### EXERCISE DETAILS:
Omit every picture and return the rest of the data unaltered.

### DATA:
╭──

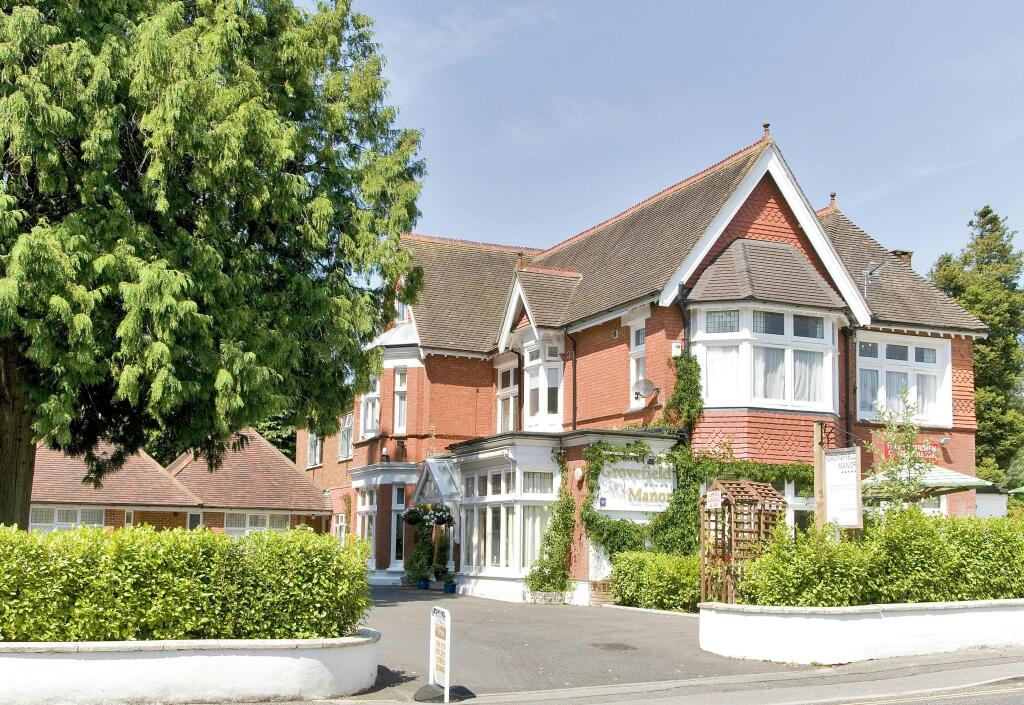 Main image of property: Grovefield Manor, 18 Pinewood Road, Branksome Park, BH13 6JS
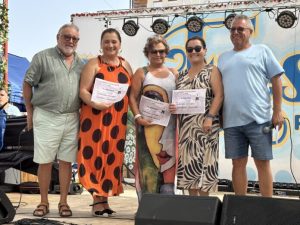 Ambiente en la plaza del Llano de Zapata durante la XXXV edición del Concurso Gastronómico de Alhaurín de la Torre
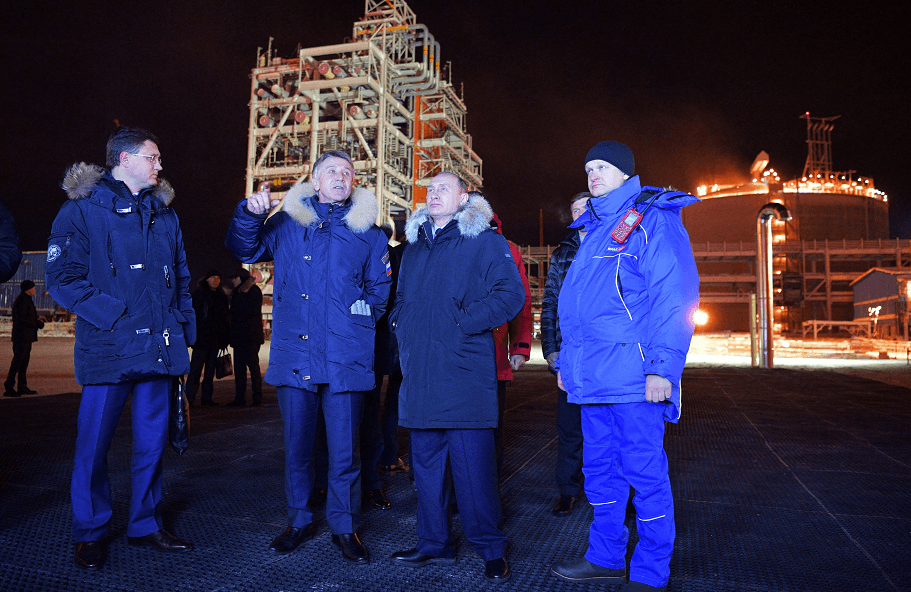 Putin inaugura planta de licuefacción de gas en el Ártico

╰──

### RESULT OF THE TASK:
 Main image of property: Grovefield Manor, 18 Pinewood Road, Branksome Park, BH13 6JS
 Ambiente en la plaza del Llano de Zapata durante la XXXV edición del Concurso Gastronómico de Alhaurín de la Torre
 Putin inaugura planta de licuefacción de gas en el Ártico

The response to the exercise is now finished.